Le capitaine Hamon était à bout de vie. Il prit congé, avec une simplicité toute spartiate, de son navire et de ses hommes.

—Un autre que moi, prononça-t-il en guise d'adieu, conduira le chargement à Bordeaux[4].

[4] C'est à Bordeaux que les navires morutiers, après avoir touché Paimpol, vont débarquer leur pêche et, par la même occasion, charger la provision de sel pour la campagne suivante.

Les matelots pleuraient. On le transborda du navire dans le canot, et du canot dans un char à bancs du pays qui l'attendait sur le quai. Il rendit à l'armateur ses comptes, reçut ses félicitations et ses remerciements, puis s'achemina vers Kérity. Il n'était plus qu'un cadavre où l'âme vacillait faiblement, au fond des yeux creusés, comme une lumière qui va s'éteindre. Huit jours après, il expirait, avec une belle tranquillité stoïque, louant la destinée d'avoir permis qu'il revît une fois encore la terre natale, et s'estimant assez heureux, puisqu'il avait pu accomplir jusqu'au bout son devoir. Il avait trente-six ans.

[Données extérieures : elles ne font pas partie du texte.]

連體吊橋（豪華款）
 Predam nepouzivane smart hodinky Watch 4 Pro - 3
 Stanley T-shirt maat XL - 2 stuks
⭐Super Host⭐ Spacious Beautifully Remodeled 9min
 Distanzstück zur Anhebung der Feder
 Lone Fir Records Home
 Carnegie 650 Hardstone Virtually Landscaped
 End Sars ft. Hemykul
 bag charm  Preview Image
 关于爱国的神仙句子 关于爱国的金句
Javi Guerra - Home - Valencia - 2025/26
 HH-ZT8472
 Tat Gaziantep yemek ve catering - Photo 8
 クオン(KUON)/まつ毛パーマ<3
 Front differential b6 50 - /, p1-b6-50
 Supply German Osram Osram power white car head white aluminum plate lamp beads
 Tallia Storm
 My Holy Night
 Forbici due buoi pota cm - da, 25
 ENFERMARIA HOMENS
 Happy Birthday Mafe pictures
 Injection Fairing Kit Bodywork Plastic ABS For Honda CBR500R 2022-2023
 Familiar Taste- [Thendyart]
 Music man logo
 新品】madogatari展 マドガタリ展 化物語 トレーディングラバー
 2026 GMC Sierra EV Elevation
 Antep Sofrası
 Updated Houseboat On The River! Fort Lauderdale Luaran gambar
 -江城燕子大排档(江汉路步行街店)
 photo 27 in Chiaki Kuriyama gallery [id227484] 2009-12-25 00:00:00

Ses obsèques furent célébrées au milieu d'un grand concours de peuple. Tous les «Islandais» d'alentour étaient là, rangés en longues files émues derrière le cercueil, et les armateurs, et la population bourgeoise de Paimpol. Nulle oraison funèbre ne fut prononcée devant la tombe: on descendit ce héros dans la fosse en silence; mais un recueillement solennel planait sur la foule, et c'était le plus éloquent des hommages. Maintenant le capitaine Hamon dort pour jamais dans l'humble petit cimetière du Goélo. L'inscription funéraire qu'un tailleur de pierres du lieu gravera sur son monument ne fera même pas mention des circonstances qui ont déterminé sa mort. Seuls, là-bas, «à Islande», durant les longues heures sinistres des quarts polaires, les pêcheurs qui furent les compagnons de sa dernière traversée en évoqueront peut-être de temps à autre, le fier et touchant souvenir. L'histoire, pourtant, mériterait d'être consignée au livre des beaux trépas, ne fût-ce—si j'en crois l'opinion commune—que pour servir d'un salutaire exemple à plus d'un capitaine islandais.